Task objective: Lines from the beginning of the entries up to and including the one with "Grande bottiglia di" must be duplicated word for word; leave out all others.

*** Opening Given entries ***

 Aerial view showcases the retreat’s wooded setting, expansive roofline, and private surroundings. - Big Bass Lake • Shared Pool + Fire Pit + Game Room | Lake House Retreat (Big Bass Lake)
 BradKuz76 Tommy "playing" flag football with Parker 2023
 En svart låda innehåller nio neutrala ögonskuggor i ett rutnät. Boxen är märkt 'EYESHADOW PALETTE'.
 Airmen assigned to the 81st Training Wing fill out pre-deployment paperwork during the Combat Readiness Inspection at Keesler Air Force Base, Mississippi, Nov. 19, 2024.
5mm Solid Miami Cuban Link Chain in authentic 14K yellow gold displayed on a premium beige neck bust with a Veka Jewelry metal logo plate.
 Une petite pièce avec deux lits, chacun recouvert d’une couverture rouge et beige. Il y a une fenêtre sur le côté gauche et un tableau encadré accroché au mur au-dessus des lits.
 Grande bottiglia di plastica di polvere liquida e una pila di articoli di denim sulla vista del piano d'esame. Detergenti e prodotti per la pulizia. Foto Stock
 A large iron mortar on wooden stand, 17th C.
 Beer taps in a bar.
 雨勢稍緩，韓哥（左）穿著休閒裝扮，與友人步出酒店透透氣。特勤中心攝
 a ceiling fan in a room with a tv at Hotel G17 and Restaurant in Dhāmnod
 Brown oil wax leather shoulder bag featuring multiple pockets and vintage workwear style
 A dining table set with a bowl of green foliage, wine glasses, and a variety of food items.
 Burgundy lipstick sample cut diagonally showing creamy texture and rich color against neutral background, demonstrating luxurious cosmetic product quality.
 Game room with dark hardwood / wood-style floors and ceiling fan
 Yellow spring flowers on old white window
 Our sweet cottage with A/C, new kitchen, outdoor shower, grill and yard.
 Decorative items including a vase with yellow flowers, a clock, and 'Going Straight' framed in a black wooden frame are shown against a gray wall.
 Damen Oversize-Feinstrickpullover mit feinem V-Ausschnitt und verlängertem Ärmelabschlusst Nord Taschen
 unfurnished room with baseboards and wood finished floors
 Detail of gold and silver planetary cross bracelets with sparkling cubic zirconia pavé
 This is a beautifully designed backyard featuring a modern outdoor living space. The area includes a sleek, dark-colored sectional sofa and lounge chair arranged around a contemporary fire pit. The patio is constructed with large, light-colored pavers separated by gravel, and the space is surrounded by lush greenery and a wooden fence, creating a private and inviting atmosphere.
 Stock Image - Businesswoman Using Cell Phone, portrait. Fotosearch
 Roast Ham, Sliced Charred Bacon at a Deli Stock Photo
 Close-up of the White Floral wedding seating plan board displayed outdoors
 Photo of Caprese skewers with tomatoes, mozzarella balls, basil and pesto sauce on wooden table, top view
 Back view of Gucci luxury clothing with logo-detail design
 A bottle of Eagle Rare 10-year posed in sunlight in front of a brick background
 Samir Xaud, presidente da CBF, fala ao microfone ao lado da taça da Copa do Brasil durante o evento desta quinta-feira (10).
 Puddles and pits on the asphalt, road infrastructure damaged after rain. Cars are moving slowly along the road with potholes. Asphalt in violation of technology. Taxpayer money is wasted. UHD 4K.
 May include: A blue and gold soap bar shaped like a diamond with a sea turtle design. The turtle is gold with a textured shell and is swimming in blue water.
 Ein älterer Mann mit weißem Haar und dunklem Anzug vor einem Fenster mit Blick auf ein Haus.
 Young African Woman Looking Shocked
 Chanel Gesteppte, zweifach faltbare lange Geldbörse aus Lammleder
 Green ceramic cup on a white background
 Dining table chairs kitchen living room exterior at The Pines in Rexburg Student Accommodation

*** Closing Given entries ***

Response to the exercise:
 Aerial view showcases the retreat’s wooded setting, expansive roofline, and private surroundings. - Big Bass Lake • Shared Pool + Fire Pit + Game Room | Lake House Retreat (Big Bass Lake)
 BradKuz76 Tommy "playing" flag football with Parker 2023
 En svart låda innehåller nio neutrala ögonskuggor i ett rutnät. Boxen är märkt 'EYESHADOW PALETTE'.
 Airmen assigned to the 81st Training Wing fill out pre-deployment paperwork during the Combat Readiness Inspection at Keesler Air Force Base, Mississippi, Nov. 19, 2024.
5mm Solid Miami Cuban Link Chain in authentic 14K yellow gold displayed on a premium beige neck bust with a Veka Jewelry metal logo plate.
 Une petite pièce avec deux lits, chacun recouvert d’une couverture rouge et beige. Il y a une fenêtre sur le côté gauche et un tableau encadré accroché au mur au-dessus des lits.
 Grande bottiglia di plastica di polvere liquida e una pila di articoli di denim sulla vista del piano d'esame. Detergenti e prodotti per la pulizia. Foto Stock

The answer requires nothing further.